For the second time, Ordinance 2014-03-01 topped the discussion of the Warsaw Common Council, but once again, the matter stalled on possible credits and an appeals process for stormwater users.
While city officials did approve the rate schedule at the March 3 meeting on the first reading (See related), some minor changes to the ordinance were introduced Monday night. However, with continued discord from Lewis Salvage which, like most industries, are required under federal Rule 6 to receive permits for storm water runoff and establish their own treatment systems, the council still failed to act on the ordinance.
“Three simple changes,” said Cary Lewis. “I emailed you three very simple changes that can be dropped in the ordinance with very small impact … if changes are not made as we want, we will still oppose the ordinance.”
Lewis Salvage has 23 acres of impervious surface area and, in compliance with Rule 6, has installed and operates its own stormwater system. City engineer James Emans repeated at Monday’s meeting that regulations under Rule 6 are irrelevant to the city’s stormwater utility.

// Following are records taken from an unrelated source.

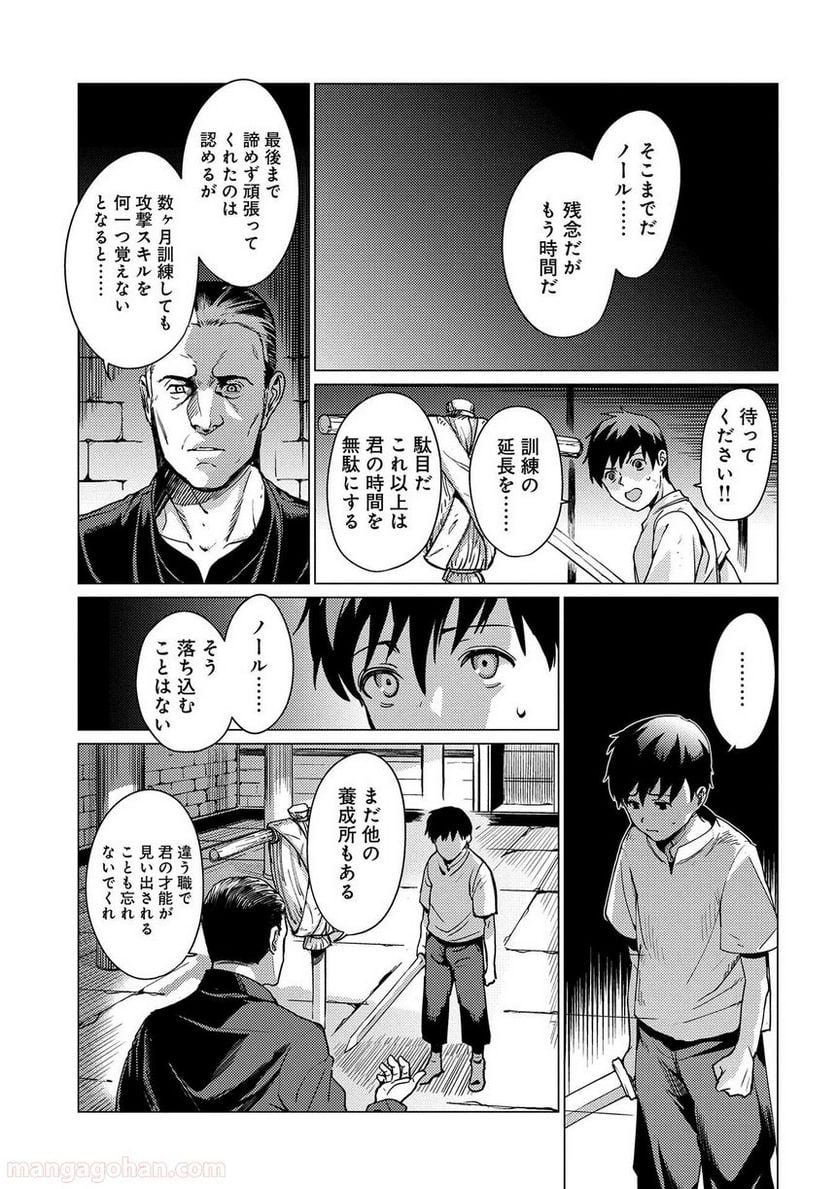 俺は全てを【パリイ】する ～逆勘違いの世界最強は冒険者になりたい～ 第1話 - Page 13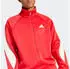 Adidas Stadium Trainingsjacke Pure Ruby / Off White / Crystal Linen (KE9574)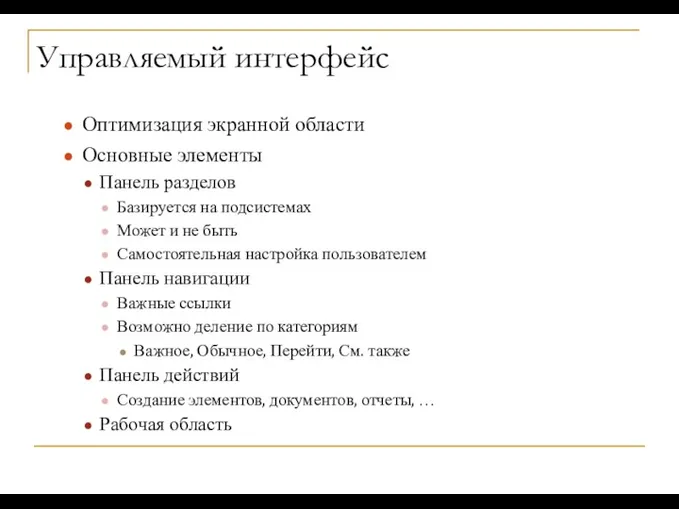 Управляемый интерфейс Оптимизация экранной области Основные элементы Панель разделов Базируется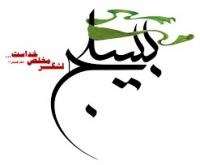 روز بسیج مستضعفان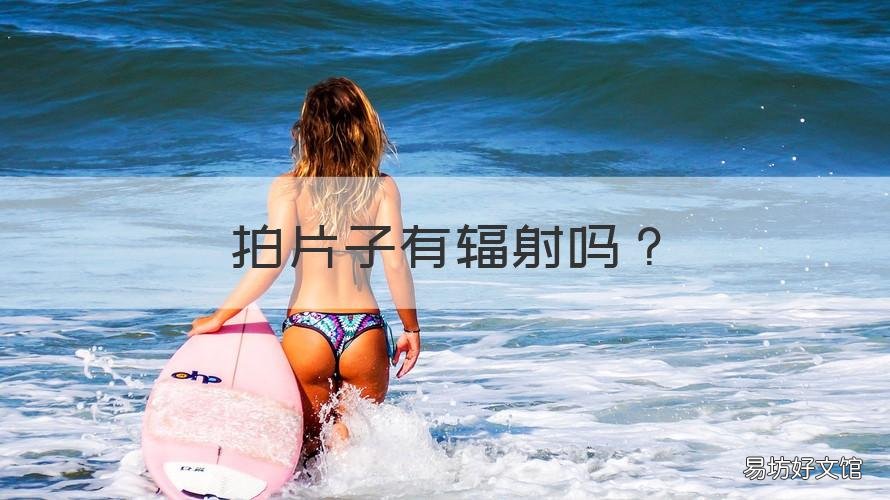 拍片子有辐射吗 小朋友拍片子有辐射吗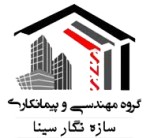 سازه نگار سینا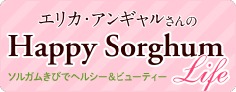 Happy Sorghum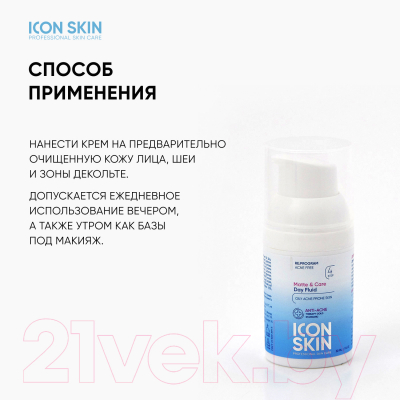 Крем для лица Icon Skin Icon Skin Матирование и уход (30мл)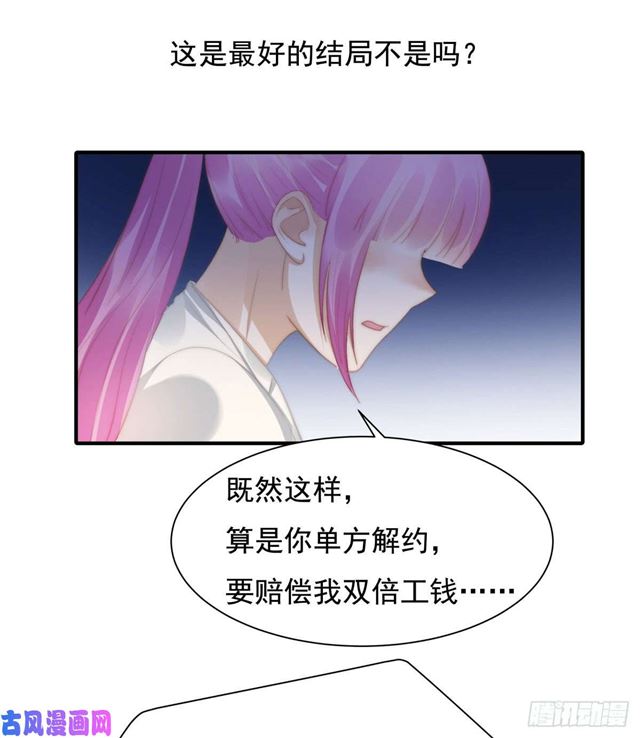 第145话 求婚12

Project manager Sheila McKinley of Christopher Burke Engineering told the council, “Not a lot of communities even have credits,” and it was noted by city attorney Mike Valentine during the previous meeting, that the purpose of the ordinance is to establish rates and charges, not to discuss credits.
Stormwater coordinator Theresa Sailor advised the council against two of Lewis’ changes, but did agree that some verbiage under the appeals section referring to system users could include the words “whether it is entitled to a credit.” The language simply would allow the council, in the future, to consider credits.
Councilwoman Elaine Call made the motion to accept the ordinance with the minor language change, but the motion died for lack of a second and, seemingly irritated, Mayor Joe Thallemer abruptly called for adjournment.
Valentine told StaceyPageOnline.com after the meeting that the process will now have to start over. Warsaw is an MS4 community based and is mandated by federal government to establish a stormwater system.
The system will take $1.1 million to manage the program the first year. Under the proposed ordinance that died last night, of that amount, 45 percent of the fees would come from the Warsaw Public Works operations, 10 percent would have come from the Wastewater Utility and 44 percent would have come from user fees.